Hero’s Quest, later renamed Quest for Glory (1989)

Do you remember the 1989 adventure-RPG hybrid Quest for Glory? For younger gamers this “golden age” RPG may be before their time, but the rest of us may still have trouble recalling it in any detail – at least without a quick Wikipedia reference. How about the argument of the last article you read? What about the website you visited before this one? If these questions challenge our memory, it may be because we have been playing too many modern RPGs. While we can celebrate new studies supporting the benefits of gaming for rapid decision making and vision, we might also consider mourning the anti-memory principles informing modern RPG design that have slowly but surely marginalized player memory as a valued resource of gameplay.[1]

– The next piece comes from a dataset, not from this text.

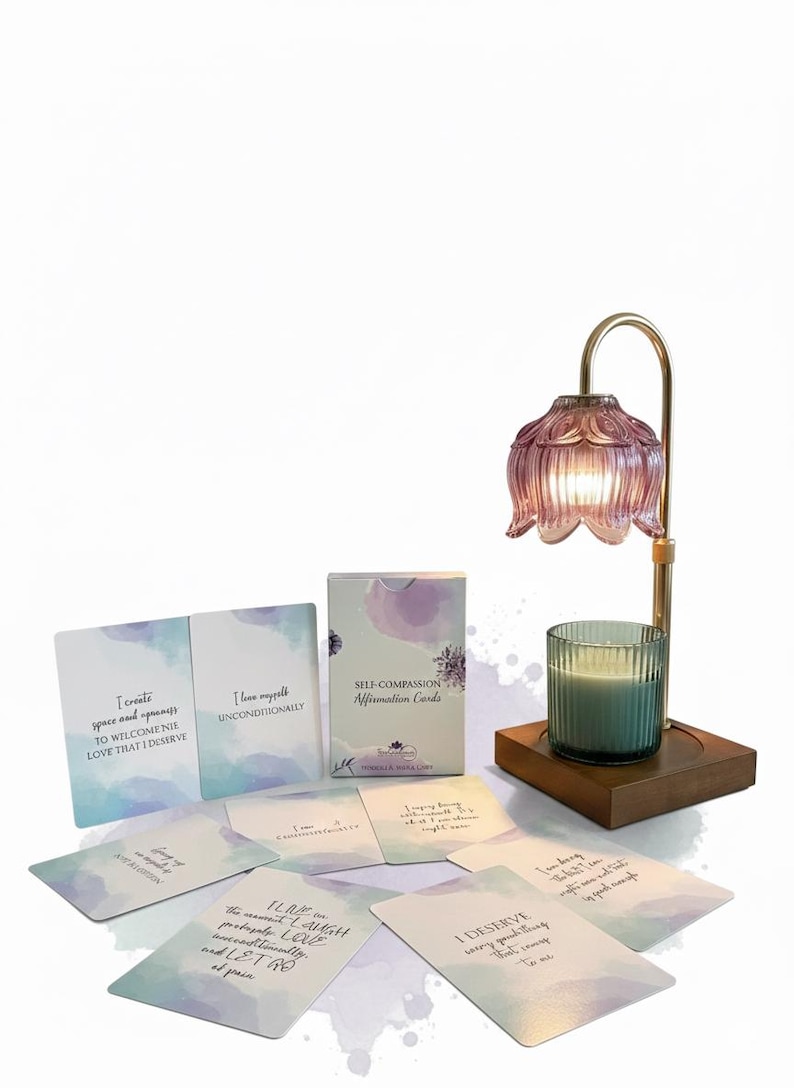 May include: A self-care set featuring affirmation cards, a candle, and a decorative lamp. The cards have inspirational quotes. The lamp has a pink glass shade and a gold-colored metal frame. The candle is in a clear glass holder.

Hyperbole aside, there is an important transformation in the way player memory is valued by game developers currently taking place in the design of contemporary RPGs. The evolution of a modern RPG series like The Elder Scrolls tells the tale, which I want to explore below, in miniature: demands on player memory are increasingly mitigated by in-game archive and feedback systems, such as quest logs, goal tracking and mapping, and real-time interface cues. This tendency in the modern RPG not only changes play by redirecting attention and mental effort, it also narrows the scope of “fun” possible through gameplay. Setting aside for now discussion of the reasons for this ongoing transformation, I would like to characterize it in some detail through examples, as well as consider why it should matter to us as critical gamers.


fig.1, Sierra’s QFG, 1989

Difficult or Poorly Designed?

Quest for Glory (QFG) is often a frustrating game experience for many modern gamers, and the major reasons for this are instructive for our concerns. QFG was a particularly innovative adventure game that mixed RPG elements like character class selection and avatar development with adventure game staples like crafted storytelling and narrative puzzle solving. It also included an interesting yet unrefined real-time first-person combat system that would test any gamer’s timing skills, but for all the wrong reasons (fig.2). Despite this complex mixture of mechanics and features, QFG had a simple and abstract premise: explore the land in search of adventure, and by helping others, become a hero. Gameplay consisted of learning about the land and its people by attentive exploration and NPC conversation, and (of course) solving their problems, which required developing the skills of your character and collecting items.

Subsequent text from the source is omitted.